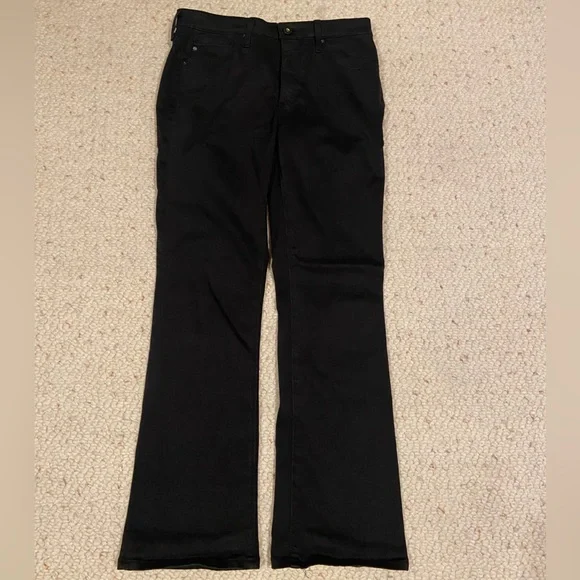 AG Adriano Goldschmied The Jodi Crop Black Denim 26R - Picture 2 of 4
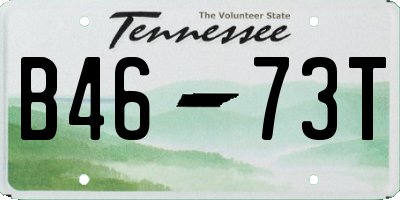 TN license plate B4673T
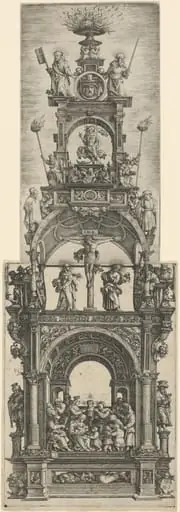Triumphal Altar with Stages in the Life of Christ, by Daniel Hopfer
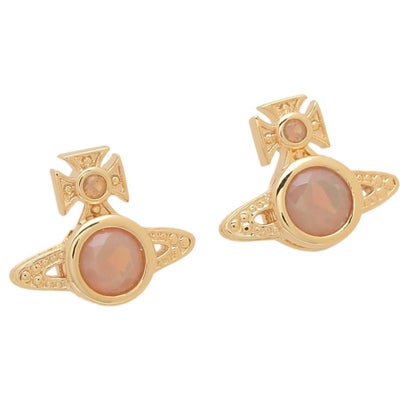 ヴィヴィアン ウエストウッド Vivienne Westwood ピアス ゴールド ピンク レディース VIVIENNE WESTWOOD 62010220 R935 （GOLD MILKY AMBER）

*AIM OF THE TASK:*
Copy out every line of the material above precisely, omitting the pictures.

*RESULT:*
 AG Adriano Goldschmied The Jodi Crop Black Denim 26R - Picture 2 of 4
 TN license plate B4673T
Triumphal Altar with Stages in the Life of Christ, by Daniel Hopfer
 ヴィヴィアン ウエストウッド Vivienne Westwood ピアス ゴールド ピンク レディース VIVIENNE WESTWOOD 62010220 R935 （GOLD MILKY AMBER）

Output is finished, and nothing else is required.